これが国際法や国際社会の取り決め・お約束に反することは否定しようがありません。悪しき前例を作ってしまったとも言わざるを得ないでしょう。
ですが、モンゴルにはモンゴルの言い分もあれば、背景というものもある。それを分かろうとせずにモンゴルを非難するのは、なんか(考えが)浅いなと。
幸いにして、それらを理解しようというメディアがあり、相手に事欠いて私にコメントを頼まれましたので、背景としてモンゴル・ロシア関係の概略、またモンゴルのロシアへの燃料・電力依存について解説しました。なので基本的な要点は、そちらを見聞きしていただけたら十分かと思います。
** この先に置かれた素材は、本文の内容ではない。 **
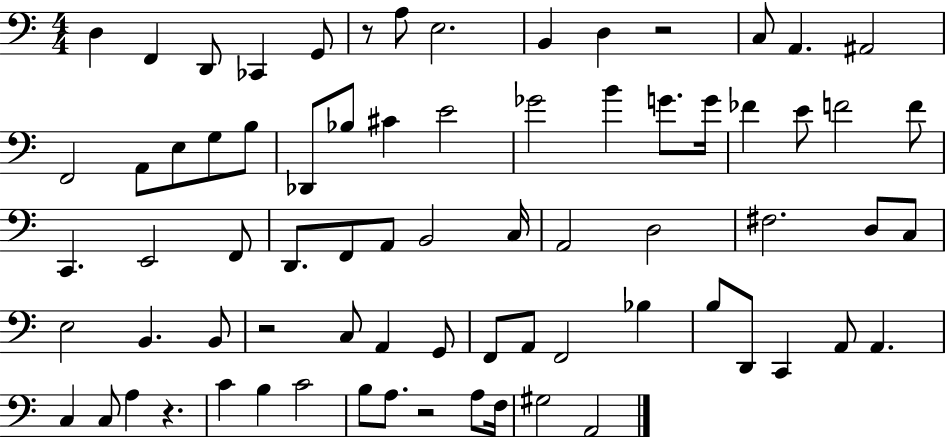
{
  \clef bass
  \numericTimeSignature
  \time 4/4
  \key c \major
  d4 f,4 d,8 ces,4 g,8 | r8 a8 e2. | b,4 d4 r2 | c8 a,4. ais,2 | \break f,2 a,8 e8 g8 b8 | des,8 bes8 cis'4 e'2 | ges'2 b'4 g'8. g'16 | fes'4 e'8 f'2 f'8 | \break c,4. e,2 f,8 | d,8. f,8 a,8 b,2 c16 | a,2 d2 | fis2. d8 c8 | \break e2 b,4. b,8 | r2 c8 a,4 g,8 | f,8 a,8 f,2 bes4 | b8 d,8 c,4 a,8 a,4. | \break c4 c8 a4 r4. | c'4 b4 c'2 | b8 a8. r2 a8 f16 | gis2 a,2 | \break \bar "|."
}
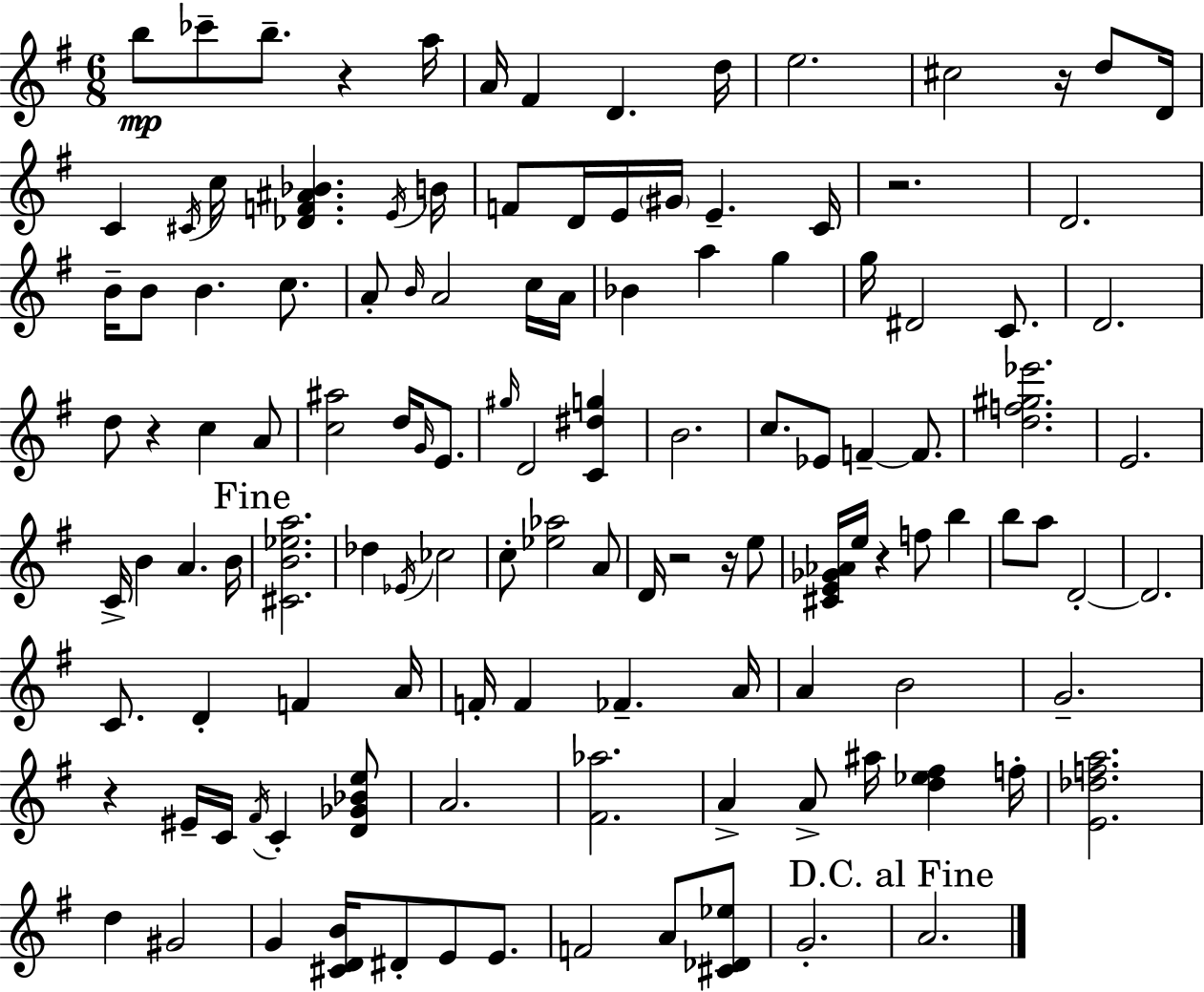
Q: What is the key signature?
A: E minor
ただ、実際に大統領が来訪した際の動きを見ると、別の話も出てきます。モンゴルがプーチン容疑者を逮捕できなかったのは確かですが、よくよく見ると、モンゴルも実利はとっていますし、言いたいことは言っているのです。
というわけで、ここではそういう基本に+αの話を書いてみたいと思います。
2. プーチン・ロシア大統領のモンゴル訪問の背景
……とその前に、そもそもの「基本」について。こちらは先述の通り私がメディアに解説したので、そちらのリンクを張っておきます。
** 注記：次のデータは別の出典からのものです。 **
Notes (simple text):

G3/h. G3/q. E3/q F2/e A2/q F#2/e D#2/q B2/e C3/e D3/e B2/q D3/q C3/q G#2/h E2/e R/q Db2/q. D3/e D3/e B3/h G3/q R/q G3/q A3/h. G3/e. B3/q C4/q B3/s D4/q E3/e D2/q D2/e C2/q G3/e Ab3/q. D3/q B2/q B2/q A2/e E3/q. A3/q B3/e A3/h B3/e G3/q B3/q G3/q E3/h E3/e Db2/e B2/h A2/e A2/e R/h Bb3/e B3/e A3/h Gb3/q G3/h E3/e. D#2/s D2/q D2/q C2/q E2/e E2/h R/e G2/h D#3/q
まず、朝日新聞デジタルで、紙面版に出た(よりちょっと詳しめ)の記事があります。
さらに、デジタル版では記事の元となったインタビューを詳しく載せていただいています。「識者」なんて言われるとこっ恥ずかしいですが(汗
さらに、テレビ朝日でオンラインインタビューの抜粋が放送されました。なお高知県に系列局はないもよう
さらにFM局J-WAVEにて電話生出演でインタビューを受けたので、そちらはradikoでお聴きいただけます。
ここまでが基本です。そして、次からの2点が補足になります。
3. 「名」を代償に「実」をとったモンゴル
先程の解説を見聞きしていただければ、モンゴルがプーチン・ロシア大統領を招かなければならなかった事情、そして逮捕できなかった事情はお判りいただけると思います。
ですが、いざ来訪した際の経過を見てみると、別の印象も生まれます。つまり、プーチン容疑者を逮捕できなかったのを除けば、モンゴルは賢く動いているのです。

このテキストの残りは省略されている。